Aug. 29, 2007
The Ohio Court of Claims today ruled in Ohio University's favor, dismissing a lawsuit that two Ohio University alumni filed more than a year ago.
The plaintiffs had asked the court to require Ohio University to pay for credit monitoring services in the wake of computer server breaches it discovered in spring 2006.
The university argued that no one subject to the security breaches had been financially damaged and that the plaintiffs were basing their claim on vague fears that harm could occur in the future. Additionally, the plaintiffs' definition of a "class" in their plea for a class action suit was not legitimate, the university contended.
Judge J. Craig Wright granted the university's motion to dismiss, saying the plaintiffs failed to prove that the breach caused damages for which they could be compensated.
"I understand how people felt when they learned that their data may have been exposed, because I was one of those people," said Ohio University President Roderick J. McDavis, a 1970 alumnus. "It can be frightening to think your personal information could be vulnerable.
"No individuals have suffered losses from this, though, and we remain hopeful that no one ever will," McDavis said. "I am pleased that the court agrees."
Donald Jay Kulpa of Cincinnati and David Neben of North Bergen, N.J., filed the complaint on June 23, 2006. As of today, the university's Legal Affairs office still has not received any substantiated cases of identity theft or fraud associated with the breaches.
After examining the systems in the wake of the compromises, information-technology analysts concluded that the hackers' reason for accessing university servers was to share and store music and movie files.
McDavis called upon national data security experts and formed a Security Incident Response Team immediately following the breaches and directed the group to take swift actions to close the gaps.
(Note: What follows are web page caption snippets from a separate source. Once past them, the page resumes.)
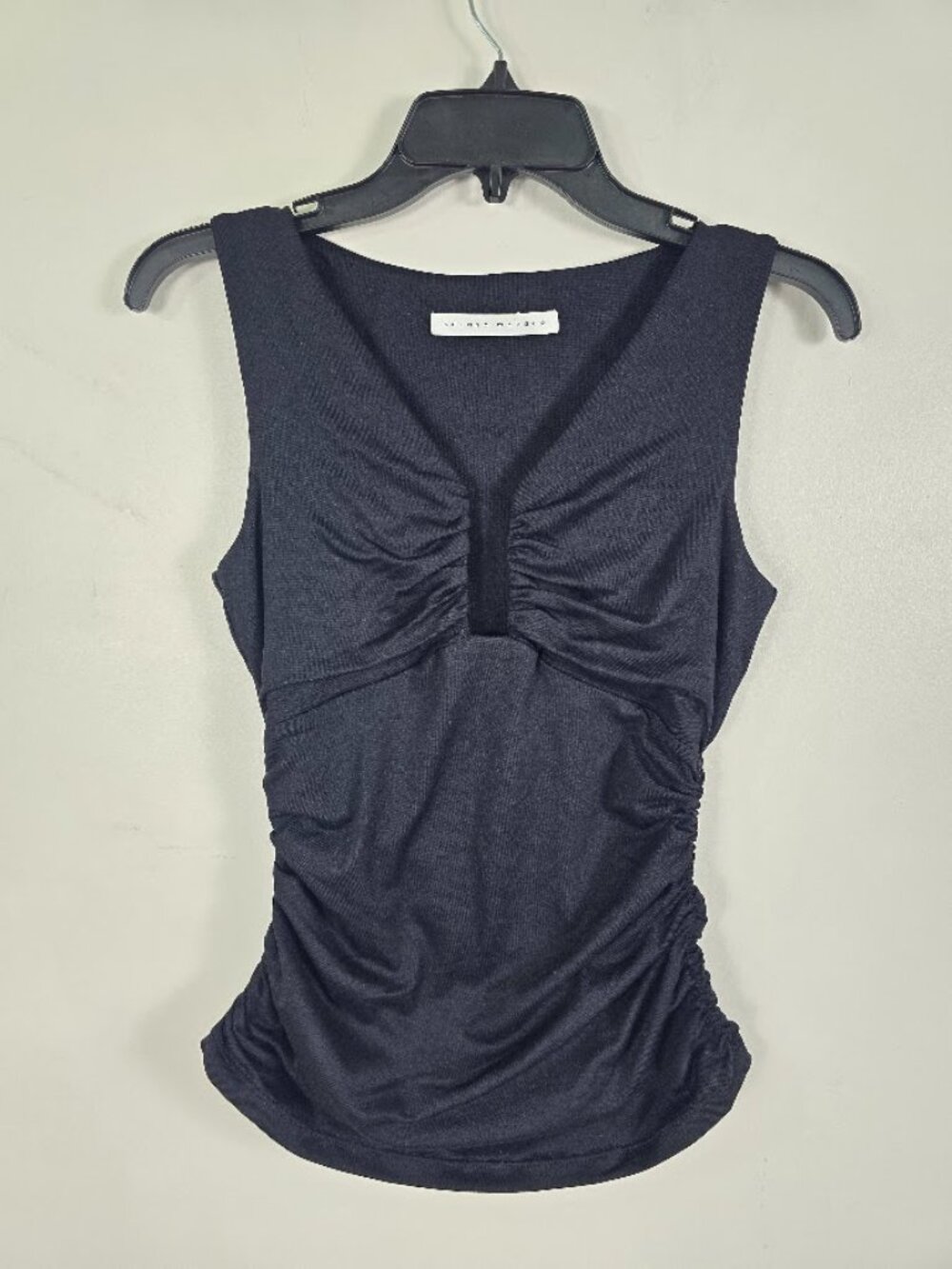 Susana Monaco Ruched Cutout Tank Top Black Small Bodycon NWOT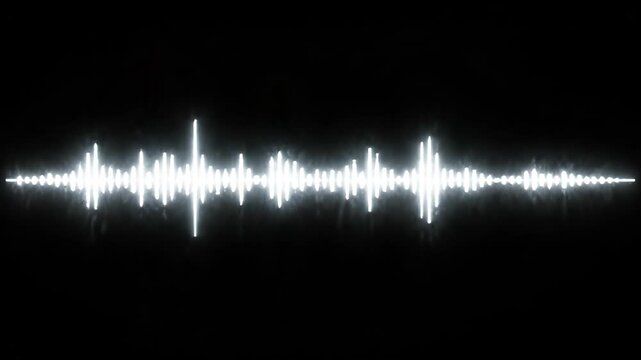 Dynamic Digital Audio Waveform Visualization Pulsing on Dark Background.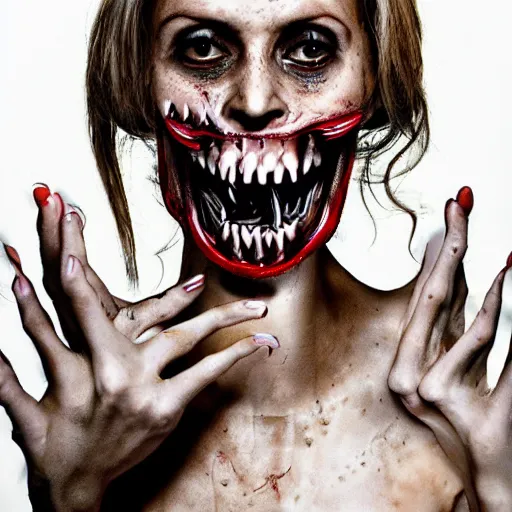 Image similar to body horror. a gorgeous woman with terrifying rotten teeth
The university also helped those affected to access free credit monitoring services.
The alumni association was among many who believed that the university took the right steps.
In an affidavit submitted to the court, then-chairman of the Ohio University Alumni Association Ronald H. Iori, stated:
"The association does not support the plaintiffs' effort to certify this case as a class action, nor does it support the plaintiffs' contention that Ohio University pay for credit monitoring services for all alumni.... The millions of dollars required to pay for credit monitoring for 173,000 people would, in the association's view, be better spent on efforts to improve the university's computer resources and security to ensure that no further compromises occur."
Within weeks of the security breaches, the university established an aggressive 20-point plan for strengthening data security, IT operations, hardware, staffing, training and planning. It already has eliminated most unnecessary uses of Social Security numbers and encrypted others when necessary; secured perimeter firewalls; and increased staffing, improved funding and developed detailed plans for IT operations at the university.
McDavis also hired a new chief information officer, J. Brice Bible, who continues to plan and implement new strategies, along with his team of staff and advisers.
"Ohio University's computer staff members have worked very hard over the last year to dramatically strengthen our data security. We began immediately and continue to take the steps necessary to try to prevent security breaches from happening on our campus," McDavis said.